Il rapporto tra creditori e debitori è asimmetrico a favore dei primi, anche se in apparenza la responsabilità di un contratto di credito dovrebbe coinvolgere in modo paritario ambedue le parti. Ma di solito è il debitore che viene considerato, e si sente, colpevole e anche indifeso. In verità qui si confrontano due diversi principi etici: il primo è quello in base al quale «i debiti vanno pagati e i crediti ottenuti rimborsati»; l’altro riguarda il rifiuto di vessare economicamente, perseguitare, umiliare chi si trova in condizione di bisogno o di disperazione, indipendentemente dalle sue responsabilità. Quale dei due imperativi etici debbono oggi prevalere in Europa è compito della politica dirimere.

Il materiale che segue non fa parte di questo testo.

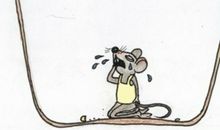 歇后语出洞的老鼠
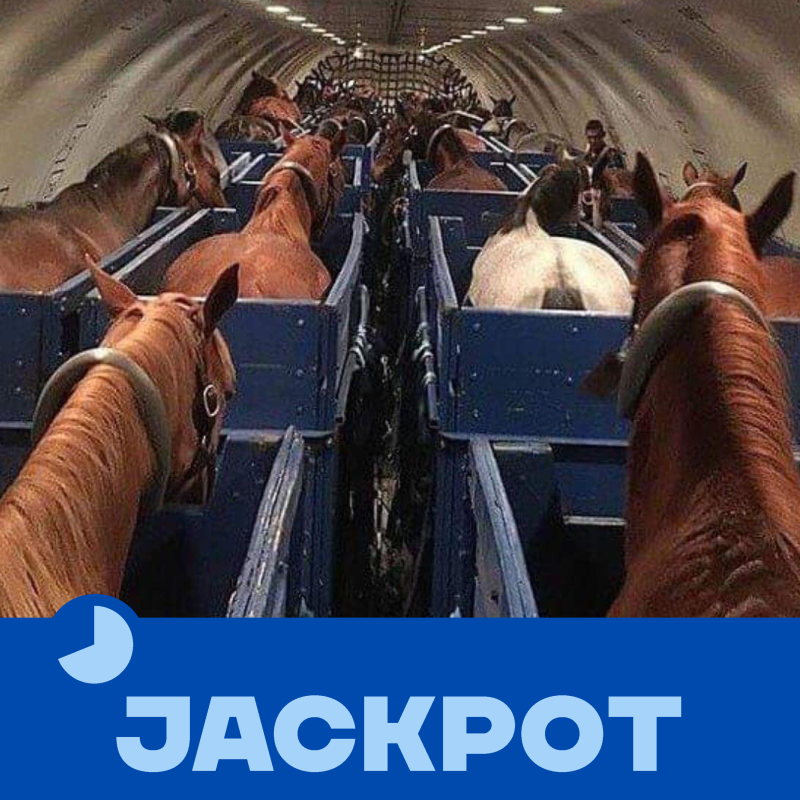 Obrázek epizody JACKPOT 87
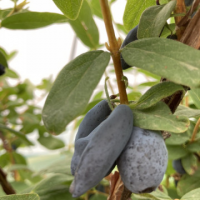 Камчатска боровинка сорт 'Хонейбий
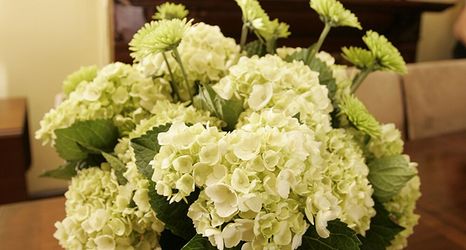 其他 2 The Morgan State House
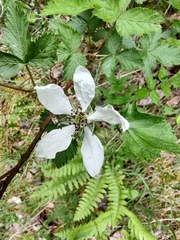 Rubus argutus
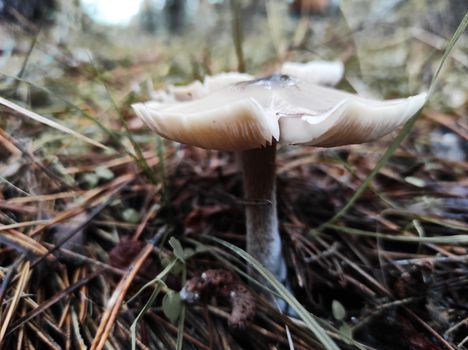 autumn mushrooms on the ground in a pine forest, after rain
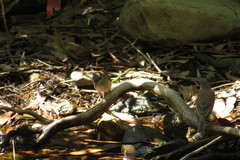 Ramsayornis modestus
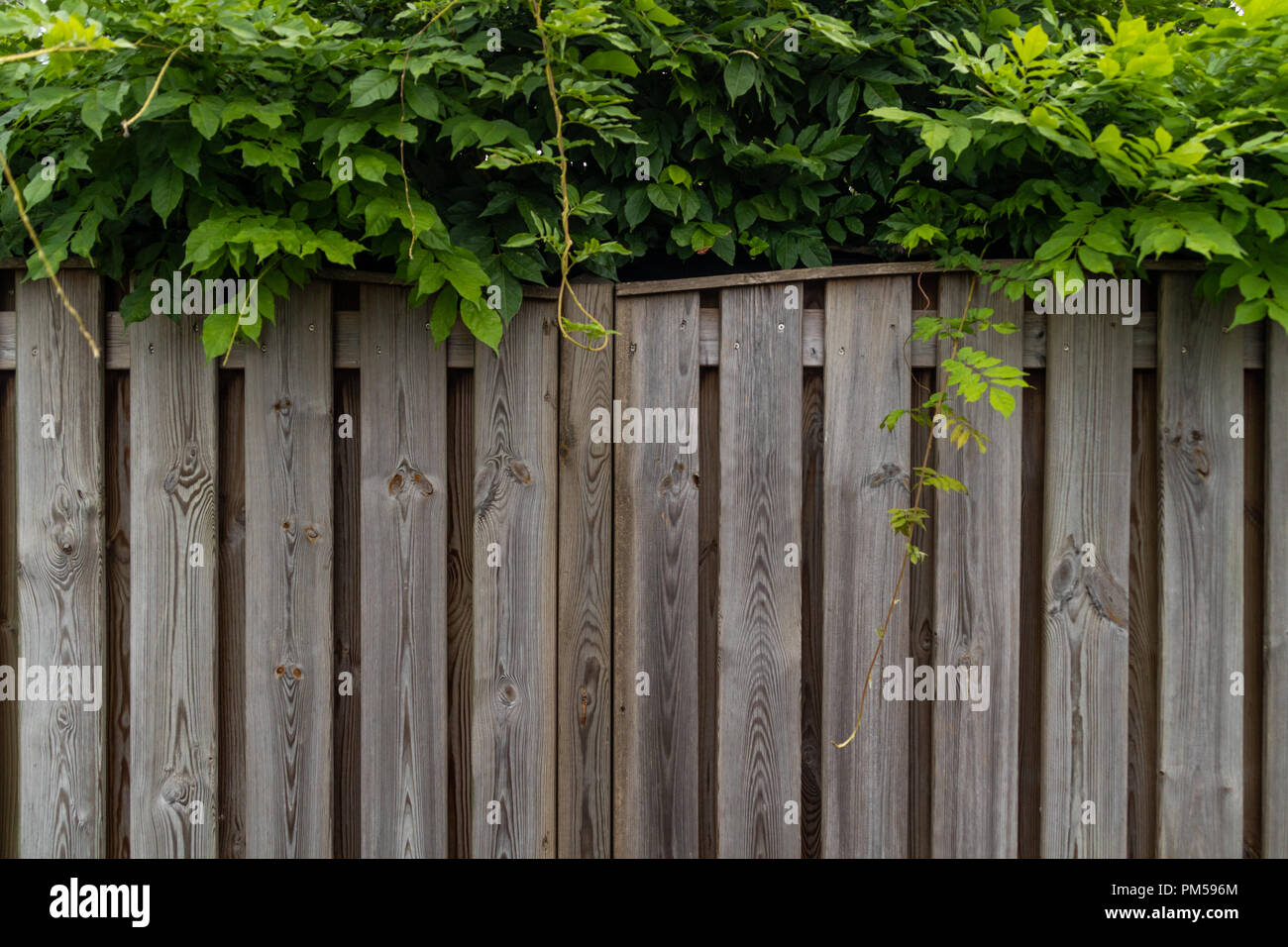 Fence pattern with some foliage growing on top of it Stock Photo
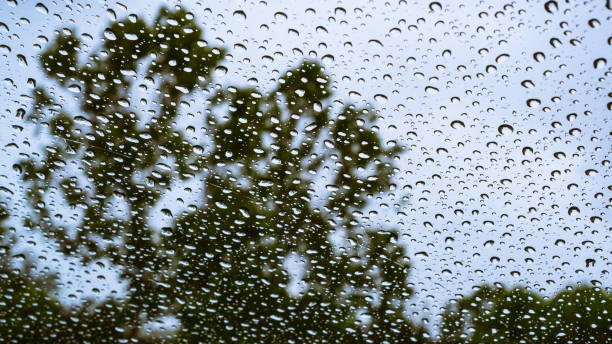 istock Drops of rain on the window; blurred trees in the background 1151487254
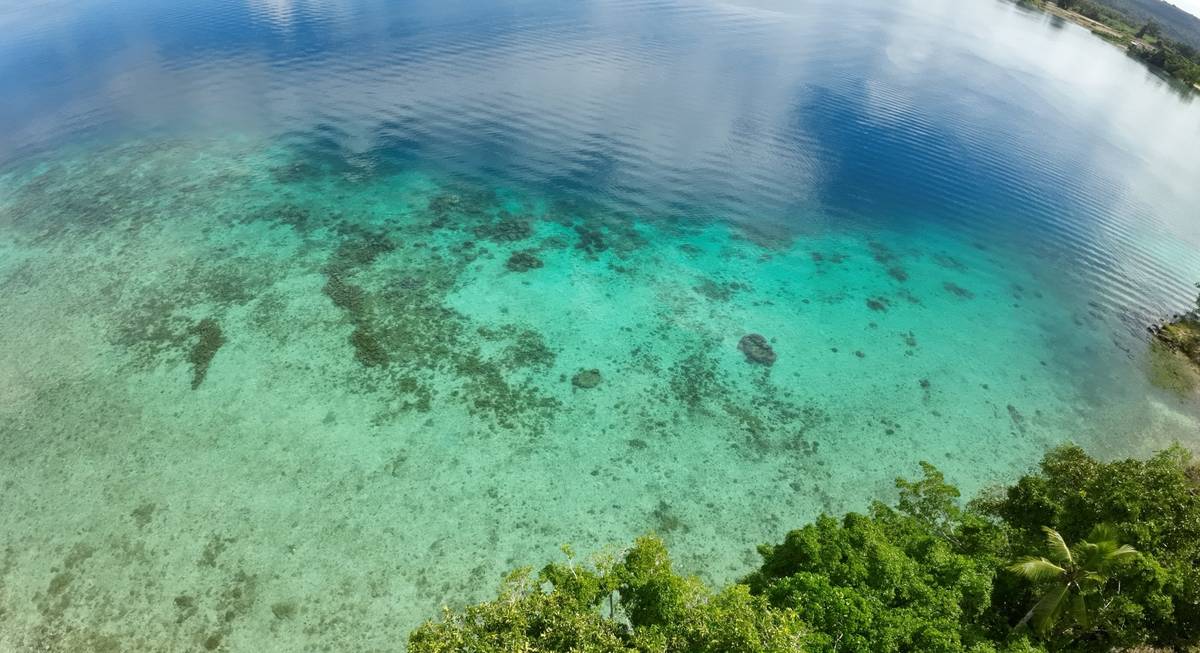 Clear turquoise water over coral reef beside a bush-covered shore at Havannah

La contrapposizione manichea tra paesi virtuosi e lassisti è tuttavia priva di senso. Oggi in Europa nessuno è innocente. Non lo è la Grecia, ma non lo è nemmeno la Germania. Tutti hanno violato la lettera e soprattutto lo spirito del trattato di Maastricht delle sue condizioni e della sua ispirazione, e la vigilanza della Commissione è stata carente, male indirizzata e poco consapevole. Se poi si guarda a come sono stati gestiti i cosiddetti “aiuti” alla Grecia c’è di che vergognarsi: dei 230-240 miliardi investiti dall’Unione solo il 25% circa è andato a beneficio diretto o indiretto del popolo greco. Il resto è servito ad evitare che le banche tedesche e francesi che avevano generosamente finanziato la Grecia subissero delle perdite, ed assicurare che Fmi, Bce e banche centrali di Francia e Germania ottenessero il rimborso pieno dei prestiti ottenuti. In questa operazione si è perfino ottenuto che Paesi come l’Italia e la Spagna che all’inizio della crisi greca avevano una esposizione molto modesta nei confronti del debito pubblico del Paese pari rispettivamente a 1,7 e a 2 miliardi, oggi si trovino esposti nei confronti della Grecia di 36 e 26 miliardi! I soldi dei contribuenti di Spagna e Italia sono stati di fatto utilizzati a favore di chi improvvidamente aveva finanziato lo sviluppo drogato dell’economia greca.

Di questa situazione bisogna assumere consapevolezza piena. Nessuno è innocente, lo ripeto, tutti sono colpevoli, creditori e debitori. È quindi necessaria una iniziativa politica di alto livello in grado di fare il punto sulla situazione attuale, verificare gli errori compiuti, porvi rimedio e rilanciare lo sviluppo, superare e seppellire i rancori che intossicano i rapporti tra i popoli europei. Perché ciò possa avvenire occorre superare l’ottuso nazionalismo che oggi caratterizza gran parte dei governi europei, e che rifletta pregiudizi vecchi e nuovi.

Sarebbe altresì un errore cercare solo una soluzione valida per la Grecia, perché, essa sì, potrebbe metter in moto un effetto domino, mentre è necessario ridisegnare la prospettiva e le strategie europee. E da questo punto la questione del debito pubblico europeo diventa centrale. Occorre innanzitutto riconoscere che gli alti debiti attuali sono l’effetto della crisi (recessione, fallimento delle banche) e non la sua causa e che essi vanno ridotti mediante un intervento congiunto dei Paesi. Le proposte in proposito esistono. Vi è quella che chi scrive avanzò oltre 4 anni fa e che ha il pregio di essere molto simile a quella prospettata pressoché contestualmente, anche dai “saggi” che fungono da consulenti al governo tedesco. Ve ne sono altre. Quello che non si può fare è continuare ad aspettare. Si approfitti della crisi greca non per fare concessioni ai greci, ma per rilanciare il progetto europeo. Sono necessarie iniziativa politica e autonomia di giudizio e di proposta. E va superato l’attuale perbenismo europeista che paralizza l’autonoma iniziativa degli Stati appiattendo i governi sugli interessi tedeschi che non sono oggi quelli dell’intera Europa.